00:09:50 halekBecause everyone wants a word for models that can predict action consequences, not just continue text. World model is a useful phrase when it points at a specific training setup or environment. It becomes vapor when it means 'the model seems to understand stuff.' Without the source article, I'd keep this as a vocabulary item, not a deep technical segment.

00:10:10 liraenThat connects to Viv's post about the Hugging Face write-up aggregating work on agents, harnesses, environments, reinforcement learning, and shared vocabulary. Viv's line is wonderfully plain: the more we can roughly have a shared vocabulary the better, while also admitting the space is still confusing.

00:10:29 halekShared vocabulary isn't cosmetic here. If one team says agent and means a model with tools, another means a long-running worker with memory, and another means a UI assistant inside an IDE, then evaluation results don't compare. Procurement doesn't compare. Incident reports don't compare. The same word hides three products.

00:10:49 liraenAnd it changes how people hear claims. A 'world model' sounds more grounded than a simulator until someone names the data, the action space, and the evaluation. An 'agent harness' sounds mature until someone asks where permissions, retries, and human review sit. Vocabulary can make a system legible, or it can let a vague claim borrow the authority of an engineering term.

00:11:12 halekThat's why I like the Hugging Face aggregation as a segment even without turning it into a literature review. It says the field is old enough to need a dictionary. Product claims usually get more testable at that point. You can ask: do you mean environment as in a benchmark task, or environment as in the computer the agent acts inside? Do you mean reinforcement learning from a reward model, or a workflow where a human accepts and rejects patches? Those distinctions change what you build.

00:11:34 liraenDHH's post says he has had more 'I can't believe it's this good' moments with GPT-5.5 than any other model since Opus 4.5, and describes days of progress with all steering and no handwriting. Peter Diamandis posts that an OpenAI model disproved an eighty-year-old Erdos conjecture. Both are capability reports with heat in them. How should we handle them without flattening either one?

00:11:59 halekDHH's post is a credible operator reaction, but it's still a reaction. I would treat it as evidence that a serious builder is feeling a change in coding flow, not as a benchmark. The Erdos-conjecture post needs even more care. Monday's recap already covered AlphaProof Nexus and formal verification, so unless we have the paper, the theorem statement, and independent math context, I would mention it only as a sign that math capability is still pushing into public attention.

00:12:22 liraenSo we keep the shape: personal reports are useful because they tell us where expert users feel the tool crossing a threshold, but they don't replace artifacts. A benchmark without a transcript is thin. A theorem claim without the proof trail is thinner. A post from an experienced programmer can tell us the steering interface feels different, but it can't tell us whether the model improved, the harness improved, or the user got better at steering.

00:12:47 halekAnd that distinction matters for teams. If DHH is getting better results because GPT-5.5 is stronger, you test the model. If he is getting better results because the workflow is 'all steering, no handwriting,' you test the process.
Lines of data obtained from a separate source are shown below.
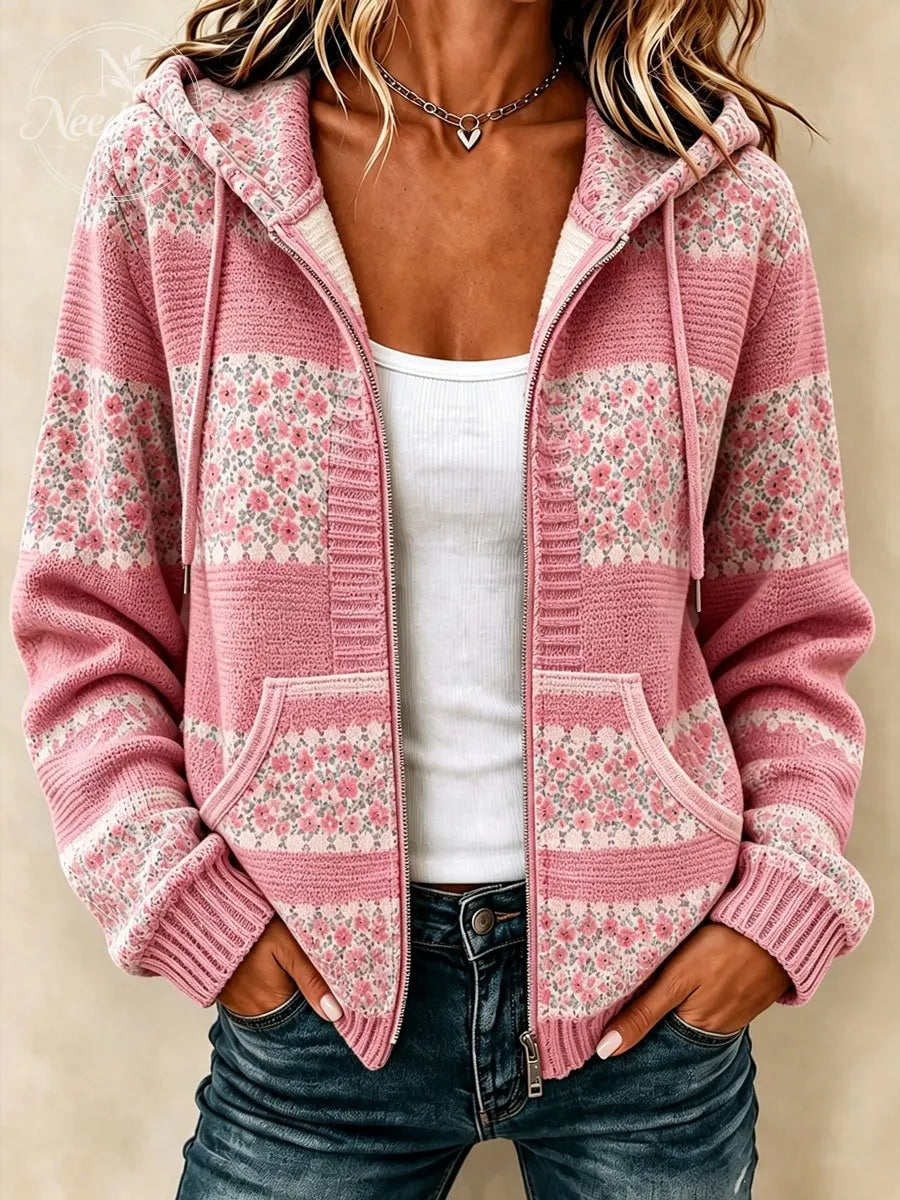 Women'S Casual Floral Knitted Zipper Sweatshirt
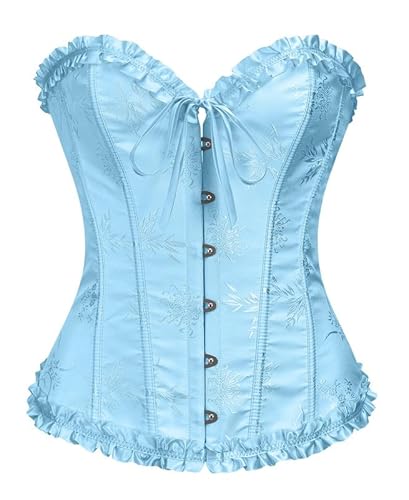 Alivila.Y Fashion Damen Vintage Spitze Knochen Renaissance Korsett für Frauen, Hellblau, Large von Alivila.Y Fashion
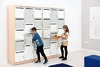 KAST - HOUT - LOCKER - 14 LOCKERS WITGRIJS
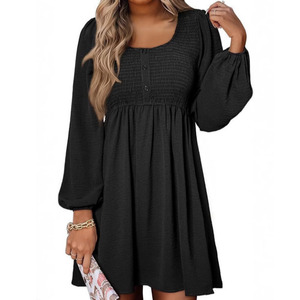 Elegante abito Casual europeo americano a maniche corte da donna estivo con commercio estero transfrontaliero tessuto impero gonna tinta unita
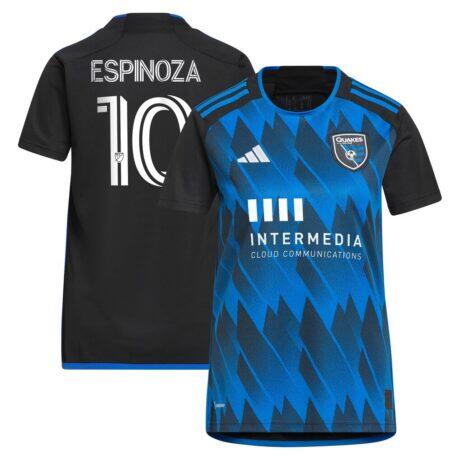 Cristian Espinoza San Jose Earthquakes adidas Women's 2023 Active Fault Jersey Replica Jersey - Blue - Front View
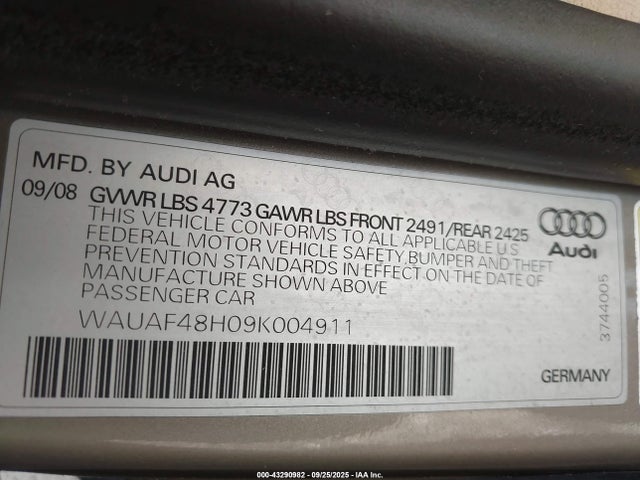 2009 AUDI A4 WAUAF48H09K004911 Photo 8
If he is better at steering because he has taste and context, then copying the tool won't copy the result. That was Saturday's lesson too: fast models reward slow human judgment.

00:13:08 liraenMonday's answer, then, isn't a single breakthrough. It is a stack of meters. Kaggle wants better agent exams. Microsoft, if Griffin's report is right, wants the harness where feedback gathers. DeepMind wants a science platform made of specialized models. Local inference people are shaving memory and kernel costs. The shared vocabulary people are trying to make the words less slippery. The model may improve, but the system that records its mistakes, prices its turns, and tests its claims decides whether anyone can use it on Tuesday morning.